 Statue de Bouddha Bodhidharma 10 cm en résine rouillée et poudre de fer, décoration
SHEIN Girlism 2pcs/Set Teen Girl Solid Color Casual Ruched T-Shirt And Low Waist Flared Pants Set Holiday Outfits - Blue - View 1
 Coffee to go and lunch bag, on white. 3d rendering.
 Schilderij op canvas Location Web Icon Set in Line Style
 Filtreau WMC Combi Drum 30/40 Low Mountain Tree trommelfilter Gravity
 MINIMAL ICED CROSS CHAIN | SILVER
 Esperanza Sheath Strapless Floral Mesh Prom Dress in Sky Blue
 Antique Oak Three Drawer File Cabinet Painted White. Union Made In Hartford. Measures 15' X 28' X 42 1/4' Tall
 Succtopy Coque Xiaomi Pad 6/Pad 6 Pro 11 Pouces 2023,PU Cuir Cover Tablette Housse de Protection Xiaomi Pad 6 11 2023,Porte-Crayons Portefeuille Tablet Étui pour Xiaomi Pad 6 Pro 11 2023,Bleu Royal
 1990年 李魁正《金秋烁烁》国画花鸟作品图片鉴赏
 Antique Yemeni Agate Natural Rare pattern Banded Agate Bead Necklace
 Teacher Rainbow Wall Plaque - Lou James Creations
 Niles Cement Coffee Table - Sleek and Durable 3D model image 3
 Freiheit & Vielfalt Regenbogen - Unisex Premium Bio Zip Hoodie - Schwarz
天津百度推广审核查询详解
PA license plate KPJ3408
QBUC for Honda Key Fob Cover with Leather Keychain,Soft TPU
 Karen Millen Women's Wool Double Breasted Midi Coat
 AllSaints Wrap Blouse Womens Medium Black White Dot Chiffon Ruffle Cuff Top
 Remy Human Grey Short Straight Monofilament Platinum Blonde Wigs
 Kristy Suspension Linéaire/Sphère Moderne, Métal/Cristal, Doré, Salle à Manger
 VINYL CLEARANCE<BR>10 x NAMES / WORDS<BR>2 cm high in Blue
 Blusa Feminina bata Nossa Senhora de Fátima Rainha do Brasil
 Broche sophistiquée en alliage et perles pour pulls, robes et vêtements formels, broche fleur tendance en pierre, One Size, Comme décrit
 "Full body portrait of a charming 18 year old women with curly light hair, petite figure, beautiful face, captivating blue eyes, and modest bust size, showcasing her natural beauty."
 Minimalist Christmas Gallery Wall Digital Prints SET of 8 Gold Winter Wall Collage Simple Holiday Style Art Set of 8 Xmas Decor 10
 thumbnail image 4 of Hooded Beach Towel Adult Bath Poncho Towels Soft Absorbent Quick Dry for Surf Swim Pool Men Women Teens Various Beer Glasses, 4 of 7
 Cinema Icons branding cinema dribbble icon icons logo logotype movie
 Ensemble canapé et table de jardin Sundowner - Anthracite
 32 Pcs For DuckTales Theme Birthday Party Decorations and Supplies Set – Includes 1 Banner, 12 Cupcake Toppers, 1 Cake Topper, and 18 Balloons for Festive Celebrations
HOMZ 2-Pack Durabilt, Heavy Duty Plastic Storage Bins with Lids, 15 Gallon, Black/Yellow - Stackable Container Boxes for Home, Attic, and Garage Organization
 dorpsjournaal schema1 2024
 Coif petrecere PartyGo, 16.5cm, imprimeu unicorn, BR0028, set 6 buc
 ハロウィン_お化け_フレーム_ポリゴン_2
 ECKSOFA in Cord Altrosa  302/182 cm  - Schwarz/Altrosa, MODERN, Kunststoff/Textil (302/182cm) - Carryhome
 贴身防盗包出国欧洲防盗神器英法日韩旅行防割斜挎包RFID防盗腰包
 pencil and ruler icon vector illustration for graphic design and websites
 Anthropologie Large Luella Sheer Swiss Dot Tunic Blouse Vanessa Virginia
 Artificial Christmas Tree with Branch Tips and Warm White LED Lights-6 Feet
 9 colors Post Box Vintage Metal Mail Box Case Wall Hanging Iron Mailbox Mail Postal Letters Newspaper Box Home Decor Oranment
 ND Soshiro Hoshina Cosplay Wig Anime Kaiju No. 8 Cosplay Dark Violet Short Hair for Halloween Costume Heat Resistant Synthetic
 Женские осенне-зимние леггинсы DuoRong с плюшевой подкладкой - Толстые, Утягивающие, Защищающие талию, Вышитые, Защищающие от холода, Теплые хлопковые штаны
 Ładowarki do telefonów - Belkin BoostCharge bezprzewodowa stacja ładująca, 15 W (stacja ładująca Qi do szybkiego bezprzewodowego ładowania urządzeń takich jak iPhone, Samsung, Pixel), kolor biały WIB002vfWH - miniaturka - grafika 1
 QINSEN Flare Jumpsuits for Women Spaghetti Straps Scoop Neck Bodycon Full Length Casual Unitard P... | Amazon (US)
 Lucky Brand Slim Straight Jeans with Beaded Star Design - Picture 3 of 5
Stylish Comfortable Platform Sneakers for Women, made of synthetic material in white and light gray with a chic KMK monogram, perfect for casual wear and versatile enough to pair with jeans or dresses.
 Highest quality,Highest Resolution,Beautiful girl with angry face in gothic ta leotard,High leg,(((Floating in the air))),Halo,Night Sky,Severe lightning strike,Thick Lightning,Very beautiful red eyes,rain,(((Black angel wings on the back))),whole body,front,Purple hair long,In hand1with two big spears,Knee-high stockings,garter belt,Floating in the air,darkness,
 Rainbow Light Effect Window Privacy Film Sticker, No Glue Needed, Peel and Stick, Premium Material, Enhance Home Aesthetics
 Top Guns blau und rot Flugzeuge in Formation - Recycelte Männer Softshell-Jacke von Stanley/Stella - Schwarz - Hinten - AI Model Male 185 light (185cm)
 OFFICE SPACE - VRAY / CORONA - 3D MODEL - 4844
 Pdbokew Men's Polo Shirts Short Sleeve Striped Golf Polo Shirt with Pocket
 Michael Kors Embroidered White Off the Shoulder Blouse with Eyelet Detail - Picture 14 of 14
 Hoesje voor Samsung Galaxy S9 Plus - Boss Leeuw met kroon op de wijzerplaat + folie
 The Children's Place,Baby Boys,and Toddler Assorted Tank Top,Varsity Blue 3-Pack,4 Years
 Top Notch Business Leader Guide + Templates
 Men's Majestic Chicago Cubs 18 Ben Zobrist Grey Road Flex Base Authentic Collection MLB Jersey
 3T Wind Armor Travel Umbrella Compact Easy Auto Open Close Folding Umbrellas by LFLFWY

++++++

◆ **Assignment**: For each line above that includes the word "Style", make a copy of that line.

◆ **Response to the exercise**:
 Schilderij op canvas Location Web Icon Set in Line Style
 Minimalist Christmas Gallery Wall Digital Prints SET of 8 Gold Winter Wall Collage Simple Holiday Style Art Set of 8 Xmas Decor 10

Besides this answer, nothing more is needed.